Single by Buddy Starcher

from the album History Repeats Itself
- B-side: "Sniper's Hill"
- Released: March 1966
- Genre: Country; spoken word;
- Label: Boone
- Songwriters: Buddy Starcher, Minnie Pearl
- Producer: Chuck Glaser

Orange vinyl issue
- Special disc jockey record

= History Repeats Itself =

1966 single by Buddy Starcher

"History Repeats Itself" is a 1966 narrated song written and recorded by Buddy Starcher. It became his greatest hit, reaching number 39 on the U.S. Billboard Hot 100 and number two on the Country singles chart.

The lyrics recount the Lincoln–Kennedy coincidences urban legend, set to the tune of "Battle Hymn of the Republic" in the beginning, and "America the Beautiful" during the lyrical portion.

==Lyrical content==
The song begins with the conclusion of the chorus of "Battle Hymn of the Republic." The lyrics recount curious coincidences and parallels (several of them false) between the careers and deaths of Presidents Abraham Lincoln and John F. Kennedy. These had begun attracting attention in the US mainstream press in 1964 (the year after Kennedy's assassination).

Starcher also recorded a "Part 2," as there are too many similarities to be recounted in just one song.

Just a few of the noted similarities shared by both presidents include: Being elected in years ending in '60, both concerned with civil rights issues. Both first ladies lost a child while in the White House. Both presidents were shot in the back of the head on a Friday, in the presence of their wives. Their assassins were born in years ending '39, and both espousing radical ideologies. Their successors were both southern senators named Johnson, both born in years ending in '08.

Several of these similarities are false, for example Booth was born in 1838, while Lee Oswald was born in 1939.

==Cover version==
"History Repeats Itself" was covered by Cab Calloway, charting concurrently with Starcher's version and debuting on the charts one week later.
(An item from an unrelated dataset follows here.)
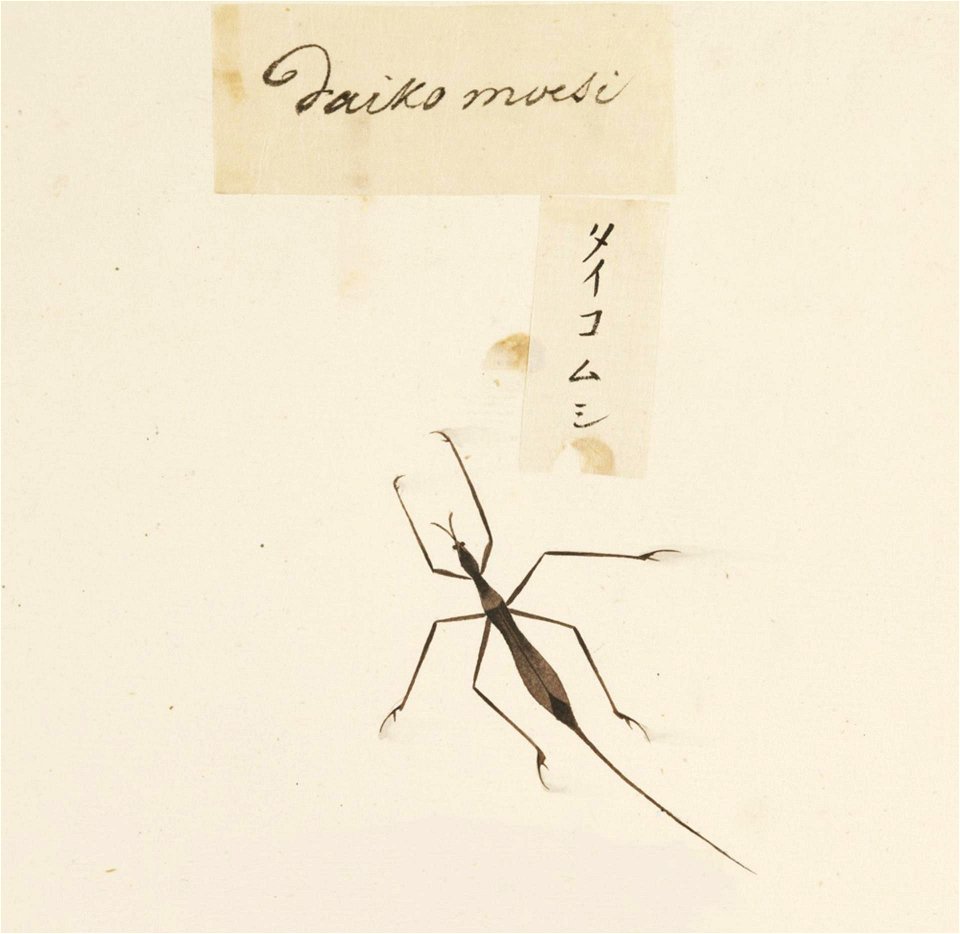 Naturalis Biodiversity Center - RMNH.ART.608 - Unidentified - Kawahara Keiga - 1823 - 1829 - Siebold Collection - pencil drawing - water colour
In 1967 it was also covered in Dutch by Gerard de Vries as "De Geschiedenis Herhaalt Zich".

==Chart history==
- Buddy Starcher original

| Chart (1966) | Peak position |
|---|---|
| U.S. Billboard Hot 100 | 39 |
| U.S. Hot Country Singles | 2 |
| U.S. Cash Box Top 100 | 40 |

- Cab Calloway cover

| Chart (1966) | Peak position |
|---|---|
| U.S. Billboard Hot 100 | 89 |
| U.S. Cash Box Top 100 | 82 |

==Parody==
A parody of this recording, "Great Men Repeat Themselves", described purported coincidental similarities between President Lyndon Johnson and the superhero Batman. Both Homer and Jethro and Ben Colder recorded versions of the parody.